The action of the lower court in entering a summary judgment for the defendants, who had not given notice of such an application, raises a procedural question. The determination of a motion for summary judgment on the pleadings is an adjudication as to whether an issue requiring trial has been created. It serves to expeditiously and justly dispose of those matters in which there is no genuine factual issue. Denial of a motion for summary judgment is a determination that there is an undisposed of issue, not a disposition of the issue itself. Van Alen v. Aluminum Co. of America, D.C.N.Y. 1942, 43 Fed. Supp. 833. On the other hand, where a defendant has on motion obtained a summary judgment he has had a complete determination of the case. Love v. Silas Mason Co., D.C. La. 1946, 66 Fed. Supp. 753. R. 3:56-1 and R. 3:56-2 provide for respective applications of claimant and defending party for summary judgment. R. 3:56-3 provides, inter alia: "The motion shall be served at least 10 days before the time fixed for the hearing. The adverse party may serve opposing affidavits not later than 2 days prior to

[4 NJSuper Page 236]

the date of hearing." It clearly appears from these rules, and the companion federal rules after which it was patterned, that notice of the cross-motion must be given to the adverse party before the court can entertain it. Pinkus v. Reilly, D.C.N.J. 1947, 71 Fed. Supp. 993. In the absence of such formal application of a cross-motion by the defendants, and appropriate notice thereof, the court here was limited to granting or denying the motion of the plaintiffs.

Without deciding the issue as to whether the plaintiffs' appointments as patrolmen represented a promotion from their former positions as chancemen or whether the appointments as full time patrolmen were original appointments, it appears to us that when they became, for the first time, permanent and full time active uniformed employees they were automatically subject to the provisions of the State System of Pensions for police and firemen as set forth in R.S. 43:16a-1 et seq.
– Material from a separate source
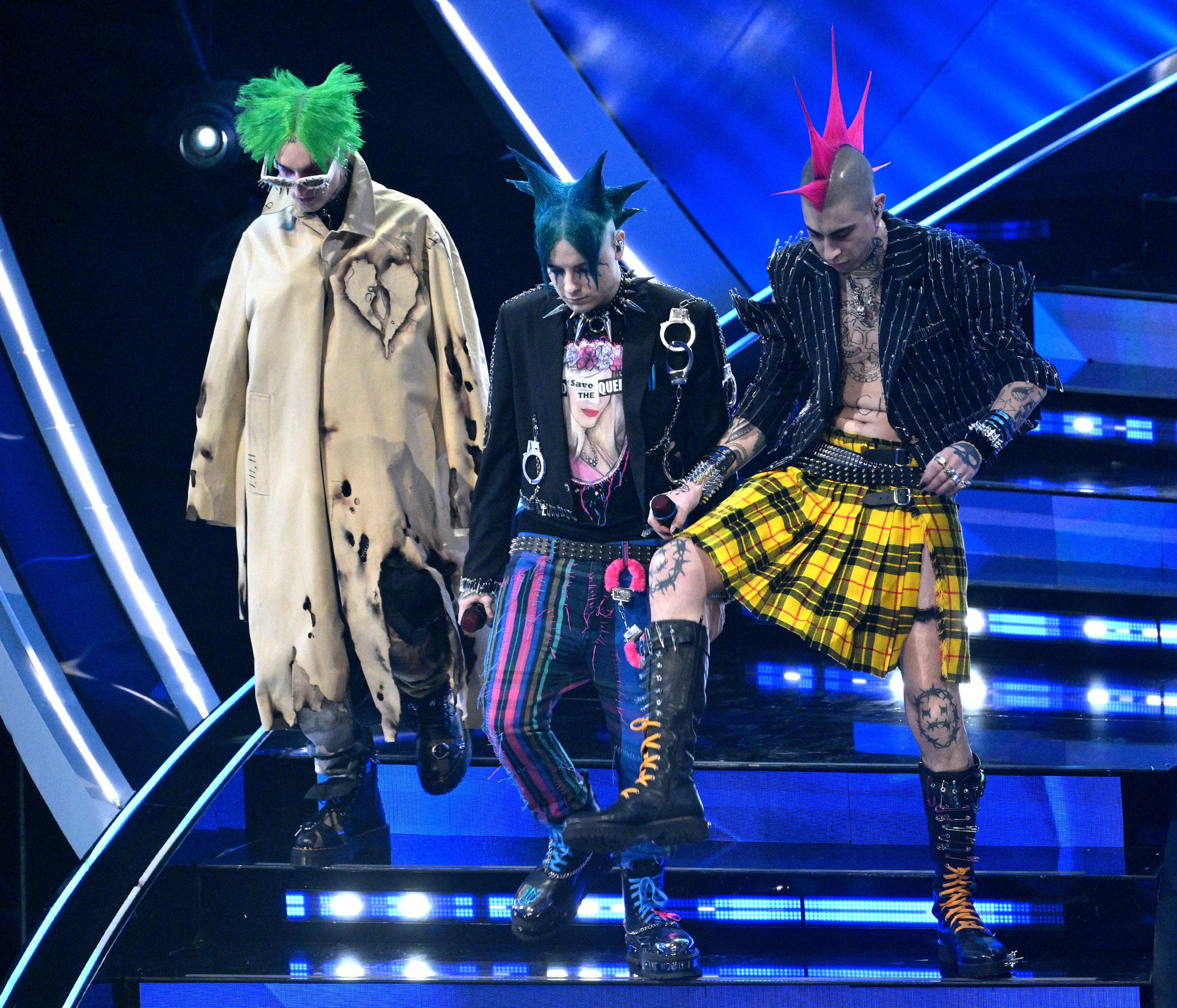 I beauty look di Sanremo 2024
As chancemen they were not full time active uniformed employees and were not, therefore, subject to that act, since their services were not required on a full time basis and when called upon for duty they could elect to serve or not to serve as they chose. We are not unmindful of the decisions of our courts holding that chancemen are regular members of a police department and entitled to the benefit of the protective laws respecting their suspension or discharge, etc., and membership in the municipal pension system. However, these decisions, as we view it, are not applicable to the issue here.

It is obvious that the summary judgment entered against all the plaintiffs, on the ground that their application for membership in the State Pension System constituted an estoppel, cannot apply to the plaintiff, Anthony Renna, as he never became a member of the State Pension System.

The judgment of the Superior Court denying plaintiffs' application for summary judgment is affirmed and the summary judgment entered in favor of defendants and against plaintiffs is reversed.